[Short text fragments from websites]
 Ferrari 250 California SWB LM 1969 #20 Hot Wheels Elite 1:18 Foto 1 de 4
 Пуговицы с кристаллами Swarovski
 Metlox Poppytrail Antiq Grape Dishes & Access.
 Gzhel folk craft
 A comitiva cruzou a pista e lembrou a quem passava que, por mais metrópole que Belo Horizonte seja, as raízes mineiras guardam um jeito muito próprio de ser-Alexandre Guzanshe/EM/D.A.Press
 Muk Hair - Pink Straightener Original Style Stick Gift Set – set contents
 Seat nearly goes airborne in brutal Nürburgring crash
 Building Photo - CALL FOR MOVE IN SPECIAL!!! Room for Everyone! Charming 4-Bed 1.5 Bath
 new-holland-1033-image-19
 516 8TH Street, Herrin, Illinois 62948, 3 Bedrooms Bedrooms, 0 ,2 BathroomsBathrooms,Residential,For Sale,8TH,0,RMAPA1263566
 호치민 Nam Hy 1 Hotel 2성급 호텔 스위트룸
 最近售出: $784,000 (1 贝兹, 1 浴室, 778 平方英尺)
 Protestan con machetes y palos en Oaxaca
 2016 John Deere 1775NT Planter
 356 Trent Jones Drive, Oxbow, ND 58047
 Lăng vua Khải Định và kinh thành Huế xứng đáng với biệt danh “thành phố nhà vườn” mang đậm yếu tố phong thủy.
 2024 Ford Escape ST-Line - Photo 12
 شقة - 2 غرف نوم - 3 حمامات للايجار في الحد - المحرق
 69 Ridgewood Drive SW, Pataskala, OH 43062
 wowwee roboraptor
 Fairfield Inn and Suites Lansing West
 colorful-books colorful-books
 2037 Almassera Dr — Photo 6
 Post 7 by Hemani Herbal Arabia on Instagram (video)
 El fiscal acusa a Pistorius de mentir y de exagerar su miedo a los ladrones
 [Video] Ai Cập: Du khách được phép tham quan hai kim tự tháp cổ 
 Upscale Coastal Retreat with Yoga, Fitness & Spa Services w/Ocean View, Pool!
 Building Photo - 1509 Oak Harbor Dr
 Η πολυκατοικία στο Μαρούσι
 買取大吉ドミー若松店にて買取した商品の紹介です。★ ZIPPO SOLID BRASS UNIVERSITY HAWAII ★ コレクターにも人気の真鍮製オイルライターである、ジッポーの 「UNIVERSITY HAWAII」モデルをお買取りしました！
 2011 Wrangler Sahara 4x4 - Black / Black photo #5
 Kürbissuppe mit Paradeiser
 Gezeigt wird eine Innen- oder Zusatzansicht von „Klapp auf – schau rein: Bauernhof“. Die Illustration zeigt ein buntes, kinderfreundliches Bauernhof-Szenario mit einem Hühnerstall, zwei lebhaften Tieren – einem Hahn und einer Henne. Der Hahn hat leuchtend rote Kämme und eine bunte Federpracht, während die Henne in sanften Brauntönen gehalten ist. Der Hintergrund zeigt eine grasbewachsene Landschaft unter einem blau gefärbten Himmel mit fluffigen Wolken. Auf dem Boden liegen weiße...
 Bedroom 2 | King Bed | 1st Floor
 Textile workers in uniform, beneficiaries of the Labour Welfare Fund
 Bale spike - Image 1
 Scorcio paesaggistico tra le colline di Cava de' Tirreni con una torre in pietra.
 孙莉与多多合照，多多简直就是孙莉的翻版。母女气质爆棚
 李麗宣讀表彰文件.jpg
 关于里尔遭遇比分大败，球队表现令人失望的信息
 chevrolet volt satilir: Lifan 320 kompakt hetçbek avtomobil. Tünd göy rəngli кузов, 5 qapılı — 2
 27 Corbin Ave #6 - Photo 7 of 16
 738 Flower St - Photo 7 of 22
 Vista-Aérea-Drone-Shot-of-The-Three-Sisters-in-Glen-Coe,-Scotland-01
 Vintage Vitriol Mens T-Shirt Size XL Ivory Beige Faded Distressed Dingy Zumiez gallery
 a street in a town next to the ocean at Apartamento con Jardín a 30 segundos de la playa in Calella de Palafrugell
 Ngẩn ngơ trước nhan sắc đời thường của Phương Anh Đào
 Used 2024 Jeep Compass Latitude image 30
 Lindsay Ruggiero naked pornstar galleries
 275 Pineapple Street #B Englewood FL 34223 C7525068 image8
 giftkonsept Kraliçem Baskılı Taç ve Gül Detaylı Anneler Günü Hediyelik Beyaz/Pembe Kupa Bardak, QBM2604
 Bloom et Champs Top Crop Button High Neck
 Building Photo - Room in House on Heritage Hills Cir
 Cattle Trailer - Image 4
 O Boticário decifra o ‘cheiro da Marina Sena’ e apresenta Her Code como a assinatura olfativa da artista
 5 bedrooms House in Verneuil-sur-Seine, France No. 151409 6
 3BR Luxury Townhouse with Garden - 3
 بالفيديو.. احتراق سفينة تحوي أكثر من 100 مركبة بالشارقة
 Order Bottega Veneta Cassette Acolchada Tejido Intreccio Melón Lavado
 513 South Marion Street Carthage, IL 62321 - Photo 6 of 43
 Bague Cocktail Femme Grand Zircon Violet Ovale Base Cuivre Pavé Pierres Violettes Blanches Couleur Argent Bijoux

• **The task**:
Your answer must be an exact transcription of the lines from the one containing "Textile workers in" through the last line of the records above, and nothing else.

• **Your solution**:
 Textile workers in uniform, beneficiaries of the Labour Welfare Fund
 Bale spike - Image 1
 Scorcio paesaggistico tra le colline di Cava de' Tirreni con una torre in pietra.
 孙莉与多多合照，多多简直就是孙莉的翻版。母女气质爆棚
 李麗宣讀表彰文件.jpg
 关于里尔遭遇比分大败，球队表现令人失望的信息
 chevrolet volt satilir: Lifan 320 kompakt hetçbek avtomobil. Tünd göy rəngli кузов, 5 qapılı — 2
 27 Corbin Ave #6 - Photo 7 of 16
 738 Flower St - Photo 7 of 22
 Vista-Aérea-Drone-Shot-of-The-Three-Sisters-in-Glen-Coe,-Scotland-01
 Vintage Vitriol Mens T-Shirt Size XL Ivory Beige Faded Distressed Dingy Zumiez gallery
 a street in a town next to the ocean at Apartamento con Jardín a 30 segundos de la playa in Calella de Palafrugell
 Ngẩn ngơ trước nhan sắc đời thường của Phương Anh Đào
 Used 2024 Jeep Compass Latitude image 30
 Lindsay Ruggiero naked pornstar galleries
 275 Pineapple Street #B Englewood FL 34223 C7525068 image8
 giftkonsept Kraliçem Baskılı Taç ve Gül Detaylı Anneler Günü Hediyelik Beyaz/Pembe Kupa Bardak, QBM2604
 Bloom et Champs Top Crop Button High Neck
 Building Photo - Room in House on Heritage Hills Cir
 Cattle Trailer - Image 4
 O Boticário decifra o ‘cheiro da Marina Sena’ e apresenta Her Code como a assinatura olfativa da artista
 5 bedrooms House in Verneuil-sur-Seine, France No. 151409 6
 3BR Luxury Townhouse with Garden - 3
 بالفيديو.. احتراق سفينة تحوي أكثر من 100 مركبة بالشارقة
 Order Bottega Veneta Cassette Acolchada Tejido Intreccio Melón Lavado
 513 South Marion Street Carthage, IL 62321 - Photo 6 of 43
 Bague Cocktail Femme Grand Zircon Violet Ovale Base Cuivre Pavé Pierres Violettes Blanches Couleur Argent Bijoux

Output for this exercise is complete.